Setting up a central repository means you have to think in advance about putting your repository in the right place. You can't, for instance, set something up locally, change your mind, deciding that you want a server and switch over instantaneously. You COULD tarball your old repository, move it to the server, and either fiddle with your local configuration or checkout your repository again. But why should you? Why jump through all the hoops? The steps are simple, but they add friction. How many times have you NOT set up a repository for your code because it would have been a pain (a 30 second pain, but a pain nonetheless?). How many times have you put off a repository move because it was a pain? Painless initialisation means two things (1) instant gratification (2) the ability to change your mind. I would argue that such painlessness is crucial because it brings down the barrier of inconvenience to the point where you actually do the things you are supposed to do.

Branching and merging

A well thought out distributed version control system does not need to have a notion of branching and merging? Why? Because a branch can simply exactly the same concept as a repository, as a checkout. No need to learn two sets of concepts of operations or two views of your version control universe. Just think of them as one and the same. Now, you might be worried about say, the redundancy of all this (gee! wouldn't that mean that branches take up a lot of space?)... but eh... details.

For starters, disk space is cheap, at least much cheaper than it was in the past. There might be cases where you are trying to version very large binary files, but for many programming jobs, we are only shuffling text around, so why worry? Besides, branches are supposed to be disposed of one day or another (merged), right?
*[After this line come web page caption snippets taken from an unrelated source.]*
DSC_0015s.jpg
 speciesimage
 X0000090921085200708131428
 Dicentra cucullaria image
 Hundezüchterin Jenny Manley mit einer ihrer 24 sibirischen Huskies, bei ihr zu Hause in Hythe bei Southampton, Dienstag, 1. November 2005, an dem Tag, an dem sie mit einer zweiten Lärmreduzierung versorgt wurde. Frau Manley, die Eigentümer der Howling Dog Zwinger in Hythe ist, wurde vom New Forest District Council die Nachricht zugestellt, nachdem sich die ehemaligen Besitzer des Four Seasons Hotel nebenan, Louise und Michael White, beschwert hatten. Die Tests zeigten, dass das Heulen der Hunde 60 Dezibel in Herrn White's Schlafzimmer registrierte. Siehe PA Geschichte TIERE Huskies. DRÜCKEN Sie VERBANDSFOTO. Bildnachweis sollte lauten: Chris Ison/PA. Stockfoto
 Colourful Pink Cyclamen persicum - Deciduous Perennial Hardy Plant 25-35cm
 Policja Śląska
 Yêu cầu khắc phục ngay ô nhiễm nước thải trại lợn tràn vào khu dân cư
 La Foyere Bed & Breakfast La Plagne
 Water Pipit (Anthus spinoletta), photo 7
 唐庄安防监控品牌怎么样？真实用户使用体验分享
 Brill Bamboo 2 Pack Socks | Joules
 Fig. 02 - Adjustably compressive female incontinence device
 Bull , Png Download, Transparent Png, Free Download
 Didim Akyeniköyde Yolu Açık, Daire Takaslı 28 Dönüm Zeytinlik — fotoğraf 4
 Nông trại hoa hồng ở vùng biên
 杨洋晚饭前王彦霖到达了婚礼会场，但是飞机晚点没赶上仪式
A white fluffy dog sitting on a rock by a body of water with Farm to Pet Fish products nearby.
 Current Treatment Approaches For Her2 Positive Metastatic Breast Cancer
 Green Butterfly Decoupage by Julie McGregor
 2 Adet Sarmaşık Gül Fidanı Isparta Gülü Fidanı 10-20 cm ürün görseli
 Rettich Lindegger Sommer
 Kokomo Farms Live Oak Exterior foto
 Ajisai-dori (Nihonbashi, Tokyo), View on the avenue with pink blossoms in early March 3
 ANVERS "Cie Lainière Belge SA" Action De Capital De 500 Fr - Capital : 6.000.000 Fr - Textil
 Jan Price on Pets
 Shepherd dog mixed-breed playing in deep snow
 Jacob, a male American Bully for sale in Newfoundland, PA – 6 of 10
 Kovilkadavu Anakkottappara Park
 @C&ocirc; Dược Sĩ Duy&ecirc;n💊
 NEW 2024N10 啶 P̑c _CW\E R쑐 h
It's not like they're going to be that long lived, otherwise it's just a fork. Moreover, worrying about disk space is the version control system's job, not yours. You could have a VCS that tries very very hard to save space. For example, it could try to use hard links whenever possible, in much the same manner as "snapshot" backup systems. Disk space is not what you the programmer should be worrying about. It's similar to the case being made for having a second or third monitor: programmer time is more valuable than disk space.

Offline versioning

Previous posts have discussed this at length. It's still useful, even if your Internet connection is superb. It's useful because it lets you hold on to things that aren't quite ready for the central repository, but worth versioning until you're more confident about your code.

Collaboration with outsiders

Open source and free software projects thrive on contributions from outsiders. For example, in the past year, 80% of the 360 patches to the darcs repository have come from somebody other than David Roundy, the original author of darcs. I'm cheating a little bit because many of these patches are also from known insiders. Then again, all of the known insiders were outside contributors at some point. The switch from outsider to insider has been for the most part informal: you send enough patches in and people eventually get to know you. And that's it; very little in the way of formal processes.

Outsider collaboration is made easier for two reasons, offline versioning and decentralisation.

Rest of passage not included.